I went back to the state park, paid a small entrance fee, and did their nature hike. It was deserted. No normal sane person would want to be out in that weather. I slogged through more bugs and heat, which brought me down so much I could barely appreciate the hundreds of hermit crabs and tiny lizards that scurried across the path. Plus, compared to nearby Everglades National Park, the scenery was beat. In shear desperation I changed into my swimsuit, showered in an outside rinse station, laid a towel over the driver seat, and started driving north soaking wet, half-naked, and slightly crazed. I just wanted to be happy and sit on a beach with my toes in the water while I read a book. Was that really asking so much?! I decided to see if the weather was better in Pensacola and try my luck there.

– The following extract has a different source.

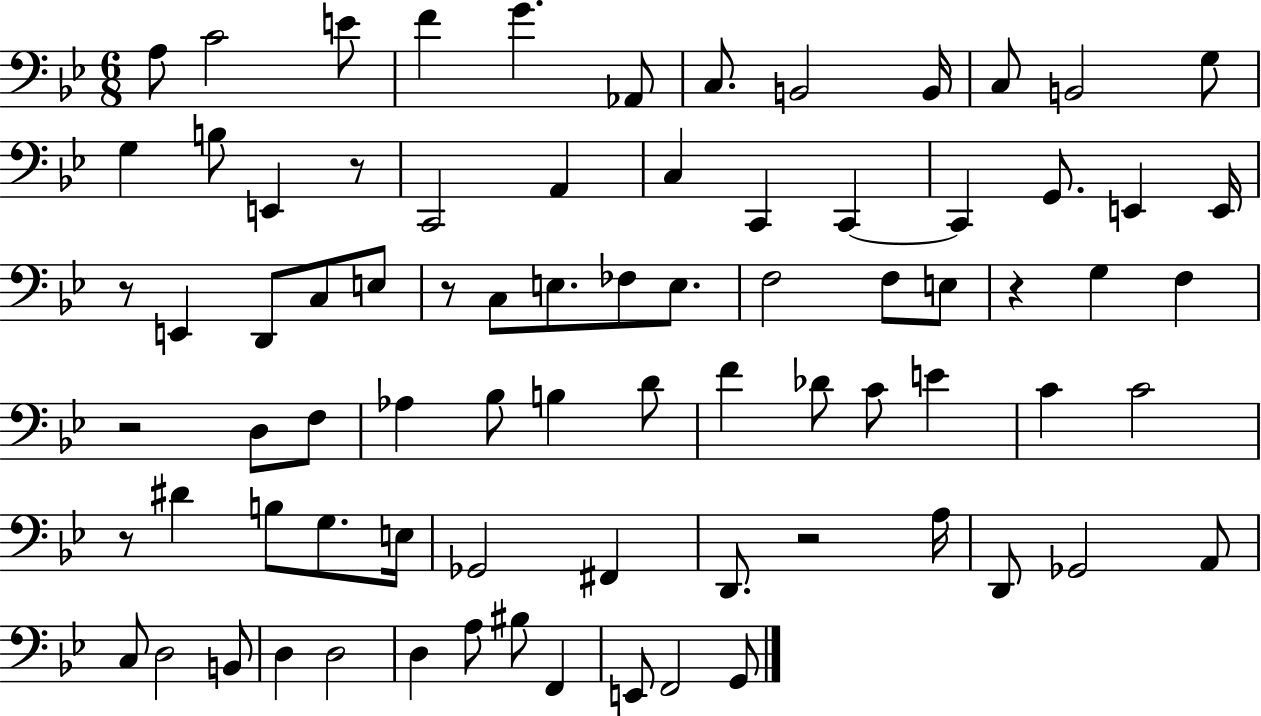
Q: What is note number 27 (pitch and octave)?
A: C3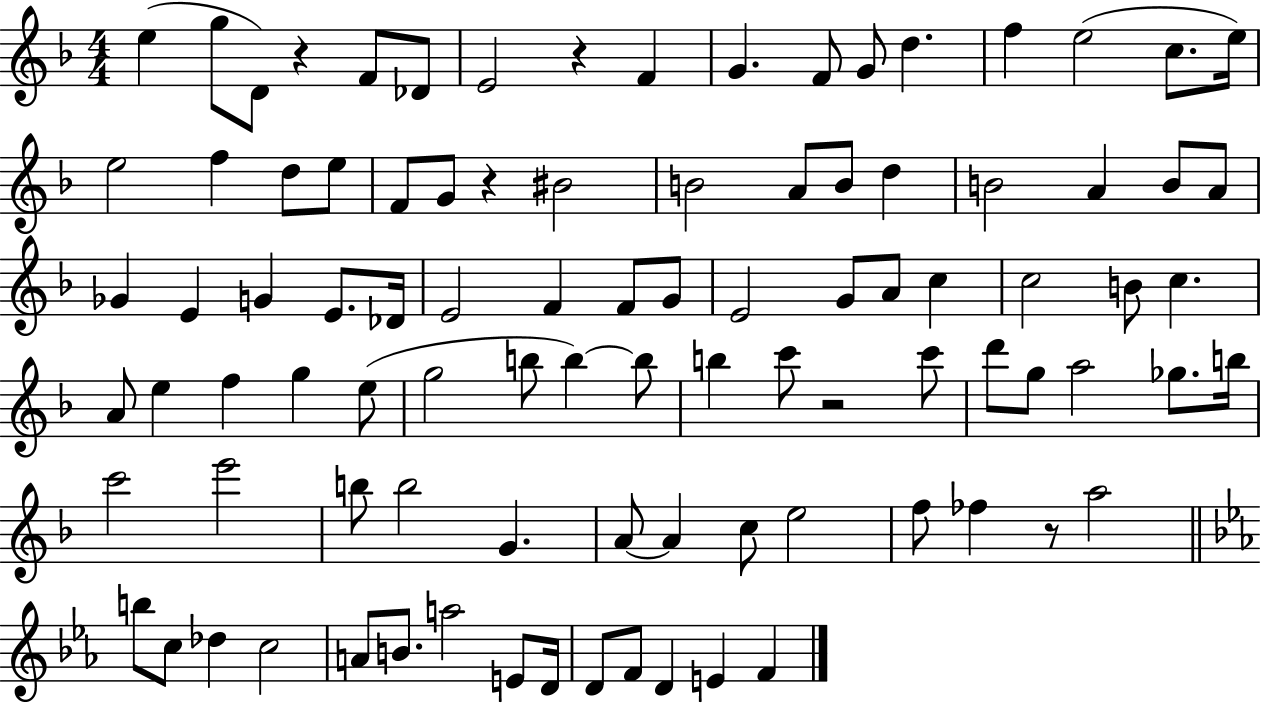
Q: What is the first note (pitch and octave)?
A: E5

My car, Sal, was starting to hurt for an oil change and tire rotation. I knew that it would need to happen by about halfway to Pensacola, and I also probably wouldn't be able to get much further than that before I collapsed from exhaustion. All through the suburbs of southeastern Florida I searched for an open Toyota service center, but to no avail. I finally had to give up, and head inland, planning to spend the night north of Orlando and find a shop locally in the morning. Cutting across the state on backroads, I came to realize that I was in fact actually in the deep south. There were expansive miles of pasture lands, cows, anti-abortion billboards, tropical fruit plantations, evangelical churches, and rusty pickup trucks that made up the forgotten parts of the state in between sprawling tendrils of modern development. The weather began to clear up in towering columns of fluffy clouds that looked like cotton candy as the sunset around the exit for Disney World. Along the highway from Orlando to Gainesville, I found a sweet deal on a motel room and stopped for the night. Basking in air conditioning, free internet, a real bathroom, and a respite from the mosquitoes, I felt as if every penny had been well spent.